**WHAT YOU NEED TO DO**
Using the line with "DKNY Bold Red Crossbody Bag with Chain Strap" as your starting point, transcribe it and each line beneath it word for word until the records run out, without pictures.

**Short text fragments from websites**
----
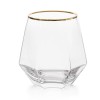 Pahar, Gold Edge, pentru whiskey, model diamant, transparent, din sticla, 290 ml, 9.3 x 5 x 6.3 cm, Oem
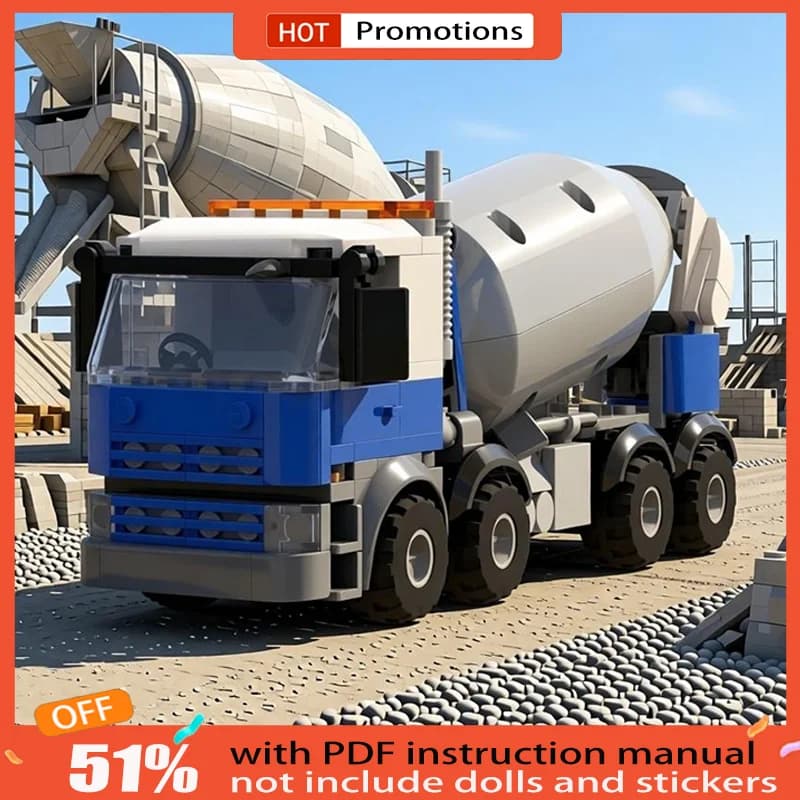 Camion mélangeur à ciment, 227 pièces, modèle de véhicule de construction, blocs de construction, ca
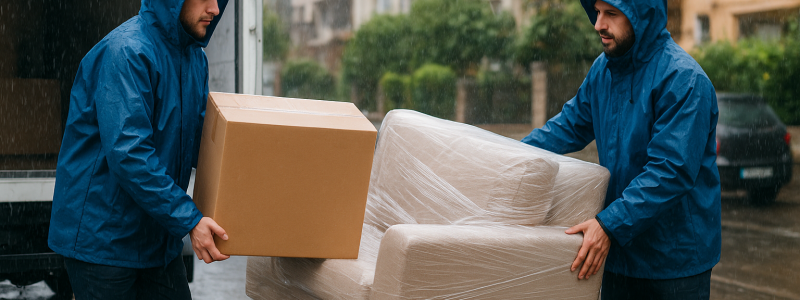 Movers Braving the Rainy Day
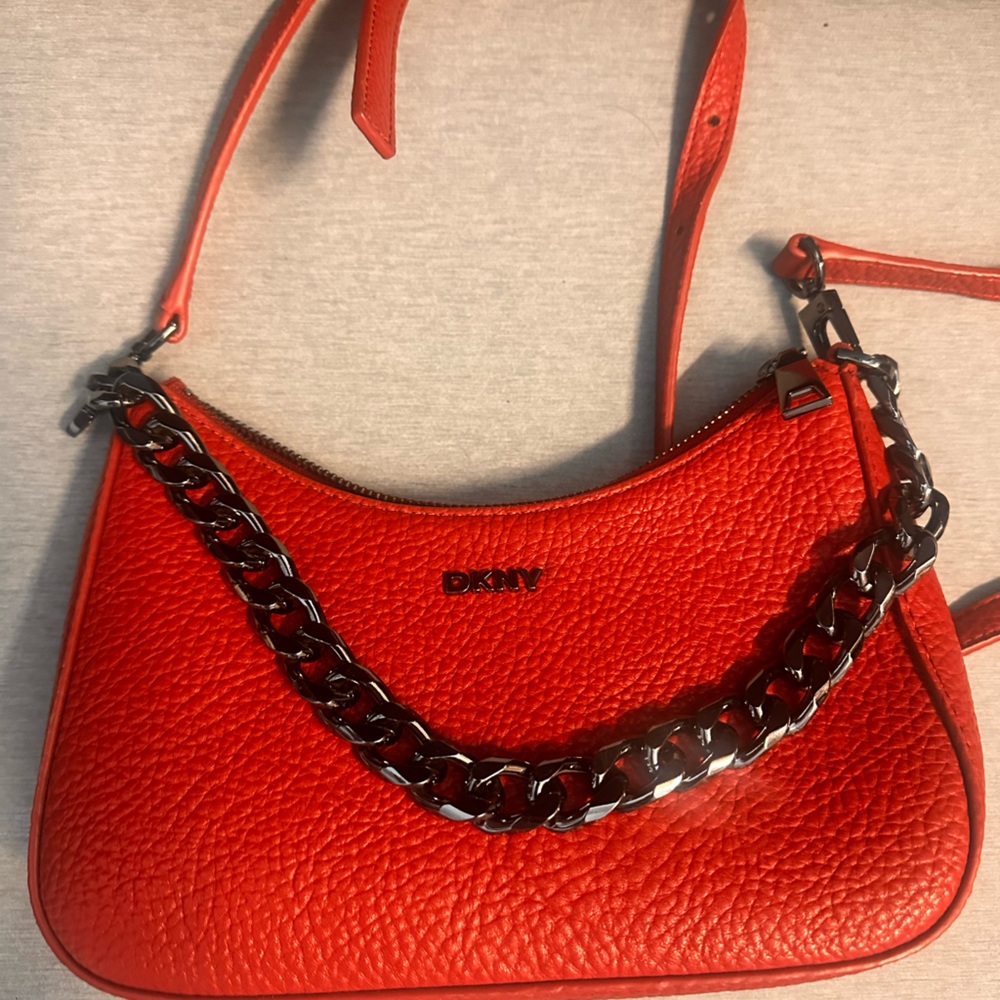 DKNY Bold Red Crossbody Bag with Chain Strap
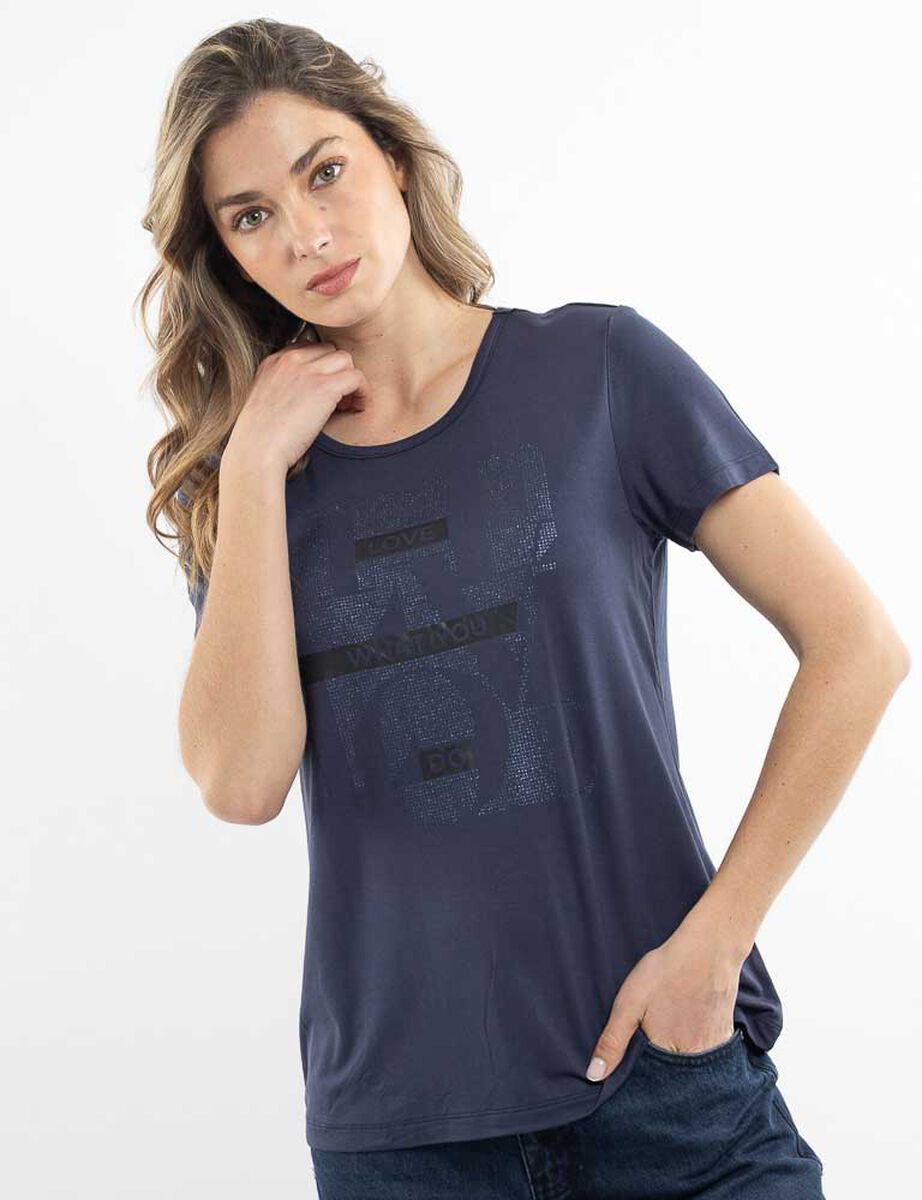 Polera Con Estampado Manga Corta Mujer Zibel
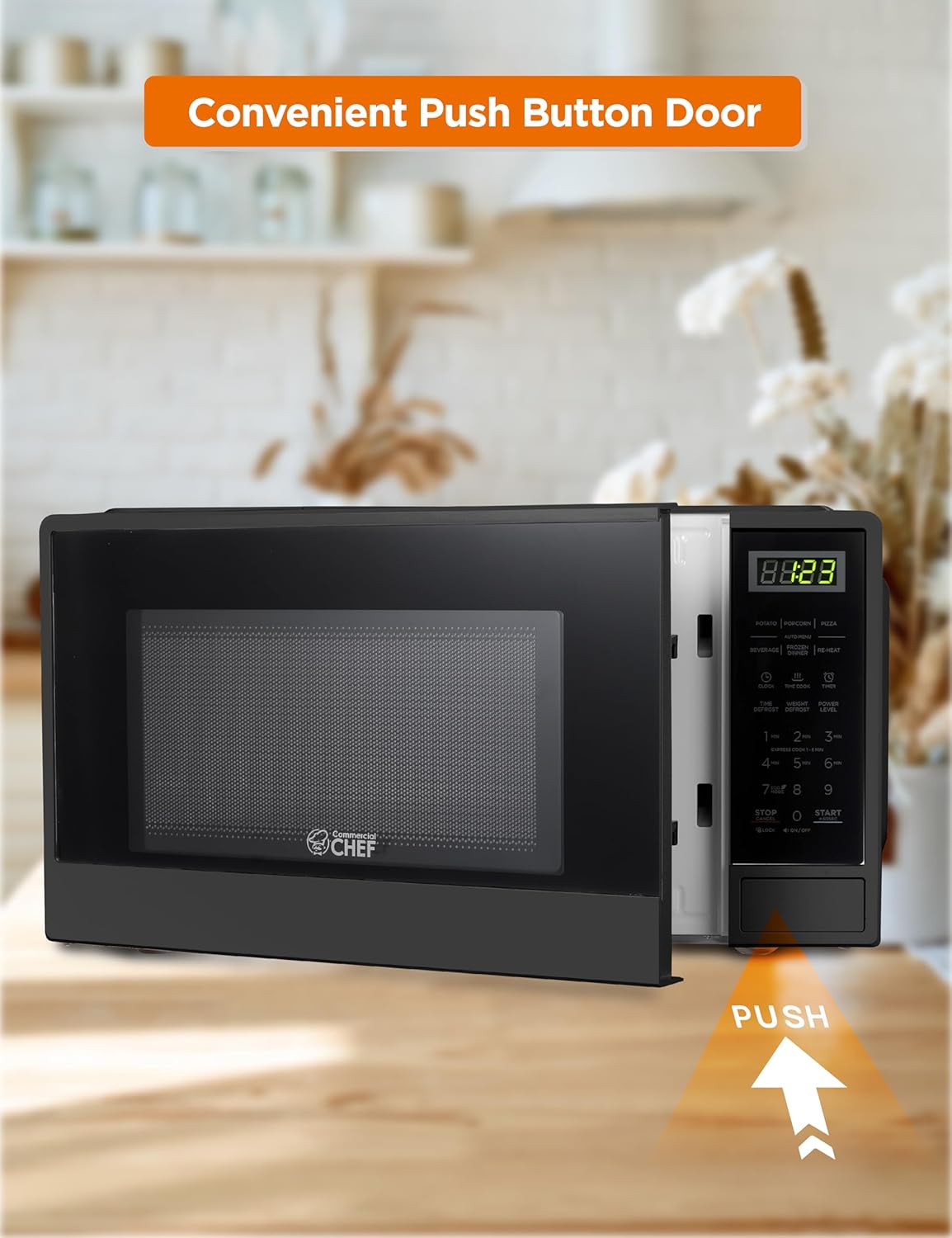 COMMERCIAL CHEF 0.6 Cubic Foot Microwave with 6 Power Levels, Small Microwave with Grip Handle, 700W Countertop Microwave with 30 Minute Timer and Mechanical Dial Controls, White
----
**OUTPUT OF THE EXERCISE**
 DKNY Bold Red Crossbody Bag with Chain Strap
 Polera Con Estampado Manga Corta Mujer Zibel
 COMMERCIAL CHEF 0.6 Cubic Foot Microwave with 6 Power Levels, Small Microwave with Grip Handle, 700W Countertop Microwave with 30 Minute Timer and Mechanical Dial Controls, White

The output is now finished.